Today we look forward to sharing the full update with the Gemini 2.5 model family.
Gemini 2.5 Pro is generally available and stable (no change from 06-05 preview) Gemini 2.5 flash is generally available and stable (no change from 05-20 preview, see pricing update below) Gemini 2.5 flashlight is now available in preview
Gemini 2.5 models come up with models that can be inferred through thought before reacting, which improves performance and improves accuracy. Each model has control over the thinking budget, which gives developers the ability to choose when and how many models the model is “thinking” before generating a response.
A family overview of Gemini 2.5 thinking model
Introducing Gemini 2.5 Flash-Lite
Today, the 2.5 model family introduces 2.5 flashlights in preview with lowest latency and cost. It is designed as a cost-effective upgrade from previous 1.5 and 2.0 flash models. It also offers better performance on most Evals, achieving tokens per second, providing lower time until the first token. This model is ideal for high-throughput tasks such as large-scale classification and summary.
Gemini 2.5 flashlight is an inference model that allows you to dynamically control your thinking budget using API parameters. Unlike other models, “Thinking” is turned off by default because Flash-Lite is optimized for cost and speed. 2.5 Flash-Lite supports all native tools such as Google search, code execution, and URL context, in addition to feature calls.
Gemini 2.5 flashlight benchmark
Gemini 2.5 Flash and Price Update
Last year, our research team has been pushing Pareto Frontier with its Flash Model Series. When the 2.5 flash was first announced, the functionality of the 2.5 flashlight had not yet been confirmed. It also launched with “thinking” and “non-thinking prices,” leading to confusion among developers.
With a stable version of Gemini 2.5 Flash (preview of the same 05-20 model as the 05-20 model preview available on Google I/O) and incredible performance of 2.5 Flash, we’ve updated the pricing for 2.5 Flash.
$0.30/1M Input Token (*0.15 increments from $0.15 input) $2.50/1M OUTPUT Token (*3.50 decreasing from $3.50 output).
We strive to maintain consistent pricing between previews and stable releases to minimize disruption, but this is a specific adjustment that reflects the exceptional value of Flash, providing the best available costs.
Also, with Gemini 2.5 Flash-Lite, there are even lower cost options (with or without thinking) for less model intelligence and latency sensitive use cases.
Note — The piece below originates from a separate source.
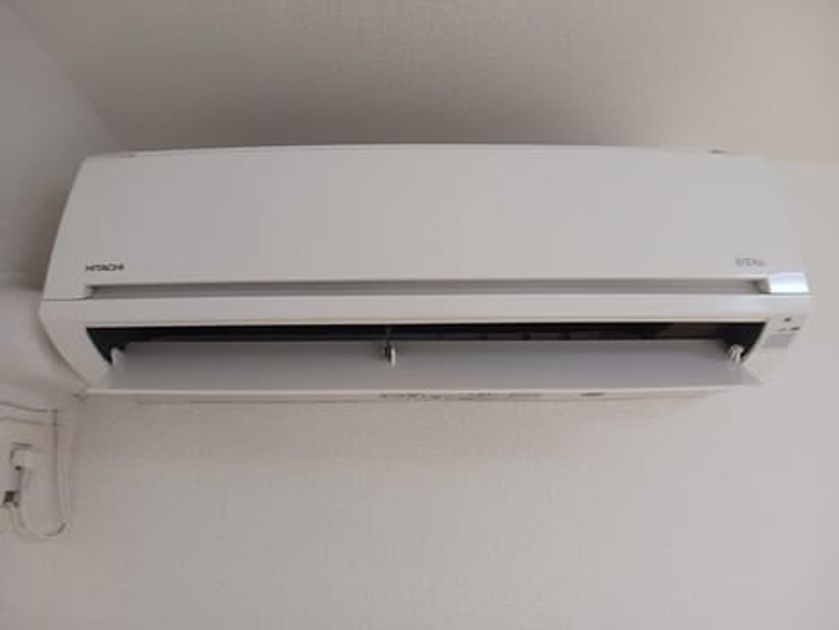 Naikan4 20251201000000 945x630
Gemini Flash Family Price Update
If you are using Gemini 2.5 Flash Preview 04-17, existing preview pricing will take effect until the deprecation planned for July 15th, 2025. You can move to the commonly available model “Gemini-2.5-Flash” or switch to the 2.5 Flash-Lite preview as a low-cost option.
Continuous growth of Gemini 2.5 Pro
The growth and demand for the Gemini 2.5 Pro continues to be the steepest model you’ve ever seen. To allow more customers to build on this model in production, we have stabilized the 06-05 version of the model at the same Pareto Frontier price range as before.
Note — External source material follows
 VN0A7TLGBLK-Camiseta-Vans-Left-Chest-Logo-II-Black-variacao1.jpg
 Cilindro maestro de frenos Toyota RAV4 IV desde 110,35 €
If you need the best intelligence and most abilities, you can expect to see professional glow, such as coding and agent tasks. The Gemini 2.5 Pro is at the heart of many of the most beloved developer tools.
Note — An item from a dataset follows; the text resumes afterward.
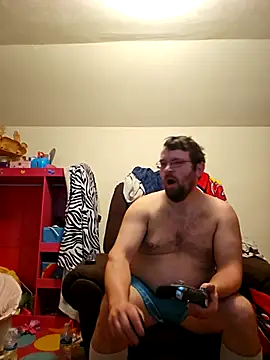 Snapshot of dakotafail92 chatting on 29, 10, 2025 dakotafail92 online show from 29, 10, 2025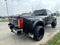 2026 Ford Super Duty F-450 Pickup XLT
Top Developer Tools Using Gemini 2.5 Pro
If you are using the 2.5 Pro Preview 05-06, the model will remain available until June 19, 2025 and will be turned off after that. If you are using 2.5 Pro Preview 06-05, simply update the model string to “Gemini-2.5-Pro”.
I can’t wait to see more domains benefit from 2.5 Pro’s intelligence. We look forward to sharing more about scaling beyond Pro in the near future.